BREAK LOOSE & BE FREE
- Blóm Studio & Collective

- Mar 4, 2023
- 3 min read

THERE IS GRACE AND MERCY FOR YOU TO BE FREE
Have ever ever read Isaac, Jacob and Esau’s blessing story? Yeah, me too. You know, Sunday school, youth fellowship, Sunday service sermons, the whole works. Today, actually, yesterday, I read the story again and something different happened to me. I can’t tell if it’s the translation or the day or being older, or perhaps the fact that this time I was really paying attention, but it moved me deeply.
First of all, talk about family drama, how dysfunctional and broken is this family? I don’t write that as a criticism or pointing fingers, a few years ago I began making the effort to read the scriptures as they are and stop assuming that somehow the characters in these storied are not as fully human as you and I are and once I let go of that, I can get a glimpse of how truly chaotic, dark and real the history of the human story is.

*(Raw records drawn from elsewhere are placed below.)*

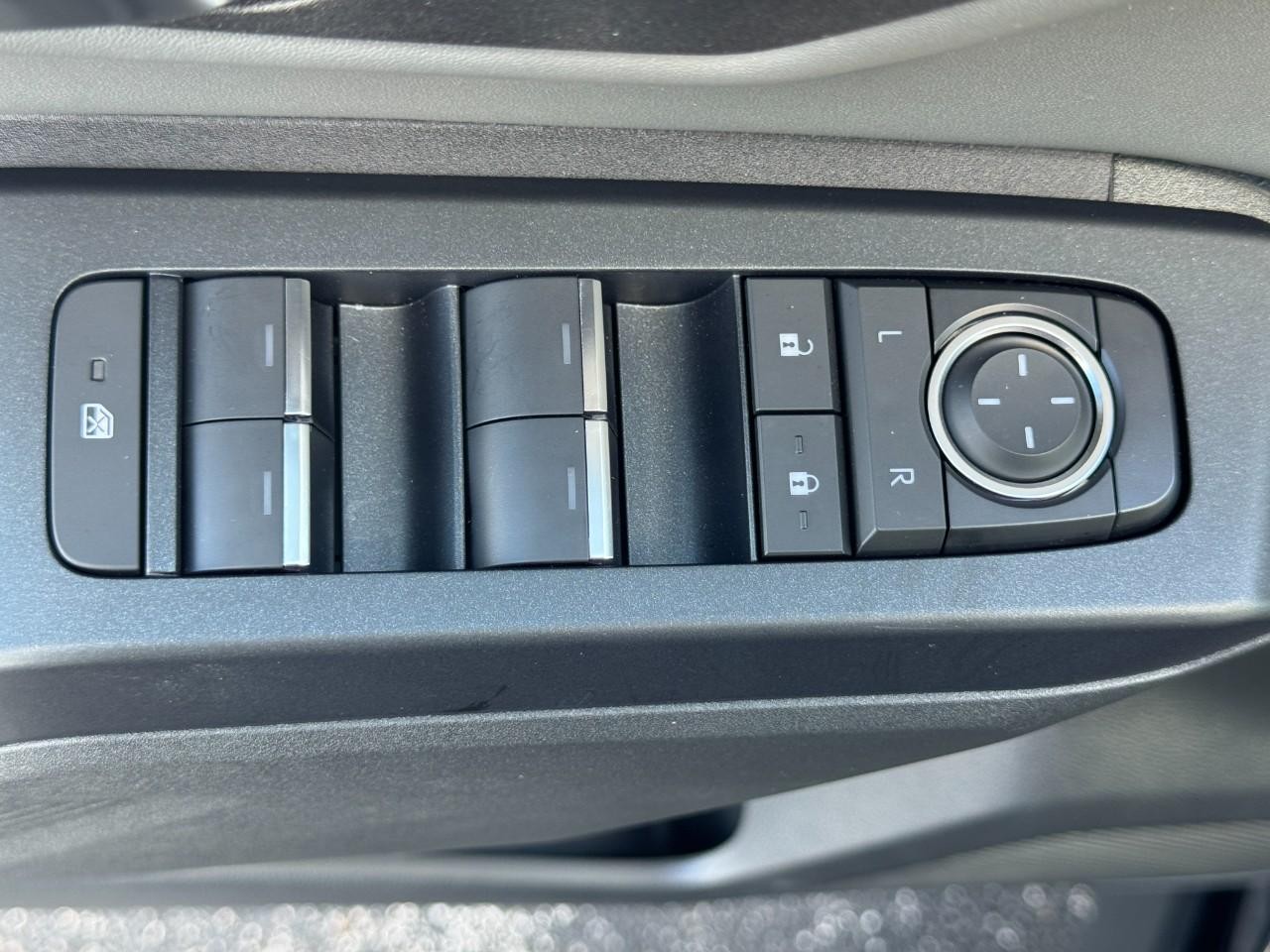 Toyota RAV4 Plug-In Hybrid Vehicle Full-screen Gallery Image 19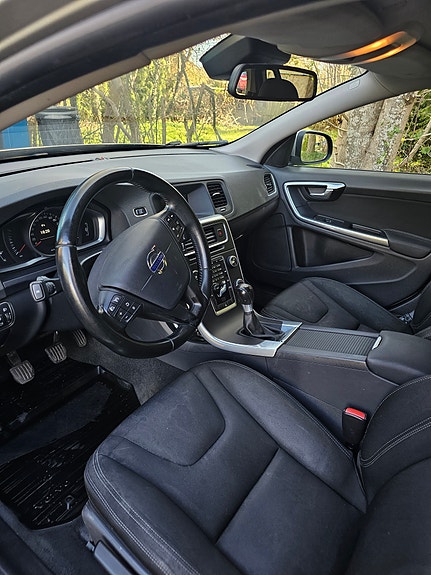 Volvo V60 5 of 5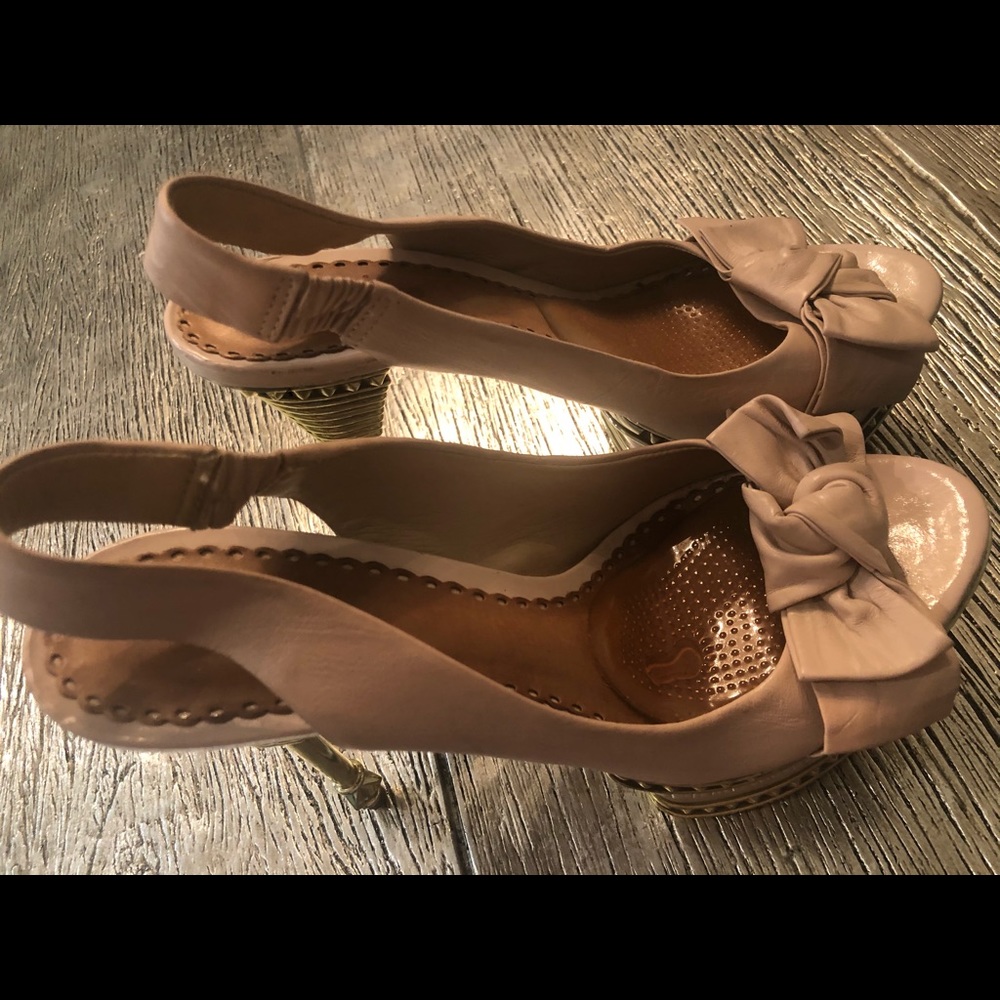 Bebe heels blush with gold heels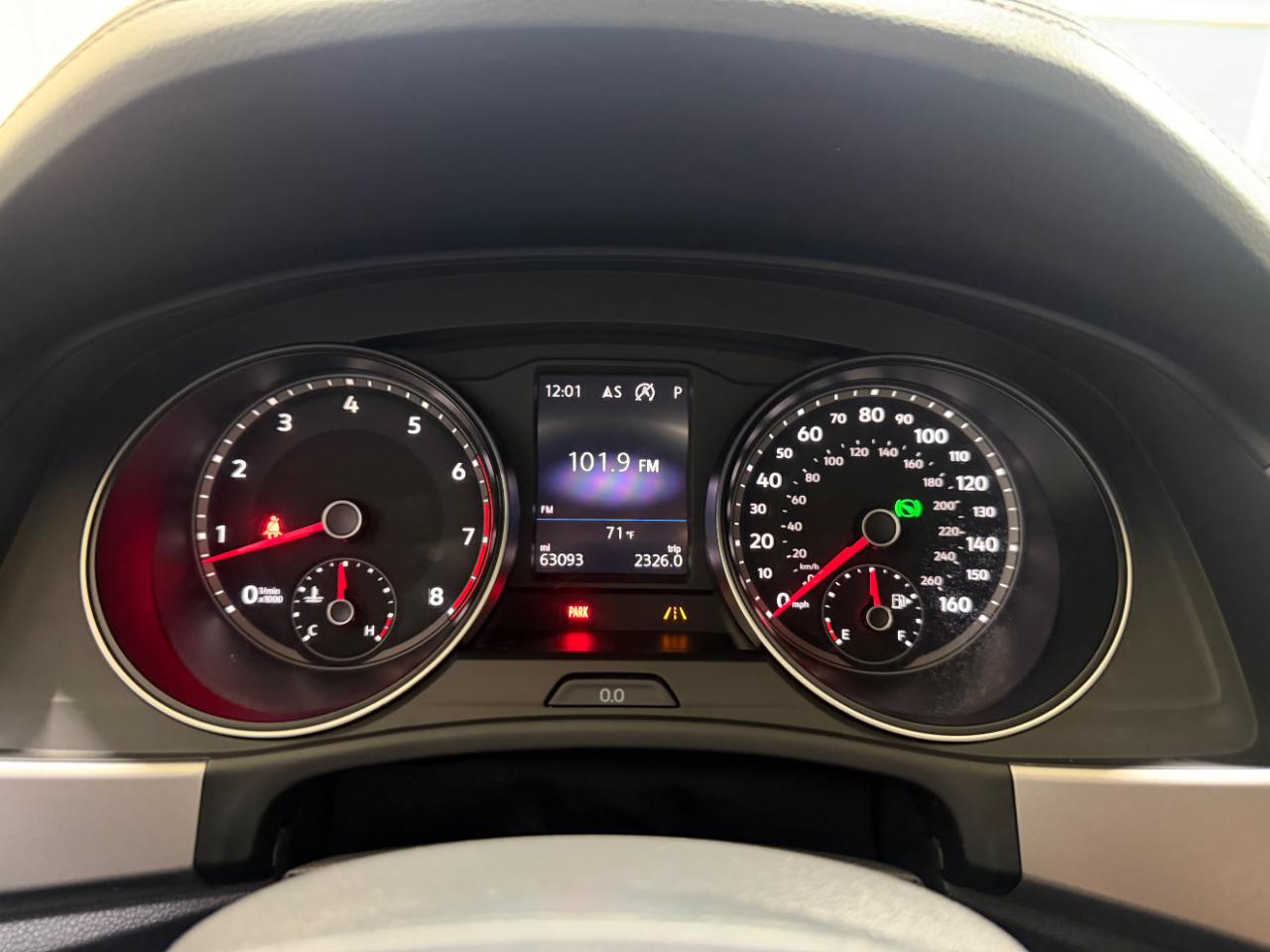Volkswagen Atlas 3.6L V6 SE w/Technology FWD 2019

If you don’t know the story, here’s a blurb. Isaac and Rebecca have twin sons, who were born about twenty years after they were married because Rebecka was barren. It seems that it was a difficult pregnancy because the boys kept “fighting” even while they were still in the womb. Esau was born first, and then Jacob, but Jacob was right behind him with his fist latched on to Esau’s heel. As they grew, Isaac decided Esau’s was his favourite son because he loved his game meat and Rebecka decided Jacob was her favourite son because he had smooth skin and lived in the tents -(no idea what that means). Before we get to this chapter of the story, Esau carelessly sold his birthright to his younger brother Jacob for a bowl of lentil soup. You read that right. He sacrificed his birthright because he was hungry.

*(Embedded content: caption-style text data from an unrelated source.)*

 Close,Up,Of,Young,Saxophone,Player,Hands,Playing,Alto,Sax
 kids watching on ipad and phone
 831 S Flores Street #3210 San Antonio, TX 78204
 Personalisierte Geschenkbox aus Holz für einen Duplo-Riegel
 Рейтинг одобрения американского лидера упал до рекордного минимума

When you break loose (from your hatred and anger) you will tear his yoke off your neck
Back to the story. By this time Isaac is old and ready to bless the oldest son, Esau but Rebecka hears about this and decides that Jacob should go and receive the blessing instead so together they came up with a plan and deceived Issac into blessing Jacob instead of Esau. When Esau find out about this, he is angry, enraged even to the point that he decided he would kill his brother. I have always seen the range and the anger and the bitterness but this time, I also see the pain, hurt and perhaps regret that fuelled his range. For example, I can imagine him realising the foolishness of selling his birthright, and that he was holding on to to this blessing of his father as something to redeem his err. And so he asks his father twice “find” a blessing for him as well. You can feel the desperation, the pain, the despair and anguish that comes with this question.

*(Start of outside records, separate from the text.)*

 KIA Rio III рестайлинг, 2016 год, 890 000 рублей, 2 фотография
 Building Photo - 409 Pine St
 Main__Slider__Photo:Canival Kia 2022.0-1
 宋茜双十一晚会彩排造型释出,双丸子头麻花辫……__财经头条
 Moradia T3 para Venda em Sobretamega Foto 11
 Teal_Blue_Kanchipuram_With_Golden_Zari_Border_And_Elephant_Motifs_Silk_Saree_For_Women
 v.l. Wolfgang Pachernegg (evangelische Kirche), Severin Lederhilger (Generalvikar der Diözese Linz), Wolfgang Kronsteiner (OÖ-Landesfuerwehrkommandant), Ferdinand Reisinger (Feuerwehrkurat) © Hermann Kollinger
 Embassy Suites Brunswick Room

“Have you not reserved a blessing for me?”
And Issac basically tells hime “what’s done is done” and it’s irrevocable. But then he spoke some strange words to him.
“You you will live by your sword and serve your brother; however when you break loose of your anger and hatred, you will tear his yoke off your neck and you will be free of him” (paraphrased)
Stun Your Readers
YOU will tear his yoke off your neck.
This deeply strange and bizarre blessing resonates deeply with me. What does it mean for Esau to break loose of his anger and hatred? What does it mean that he will tear the yoke off his neck and be free from his brother? It is interesting to observe that somehow the ball seems to be in Esau’s court. When you break loose. You will tear his yoke off your neck. I don’t know about you but this pushes me to reflect on how much power and influence I have been given over situations and circumstances. Even those cause by my hand, the consequences that come as a result of my own choices that somehow there is grace and mercy from God to break loose and be free.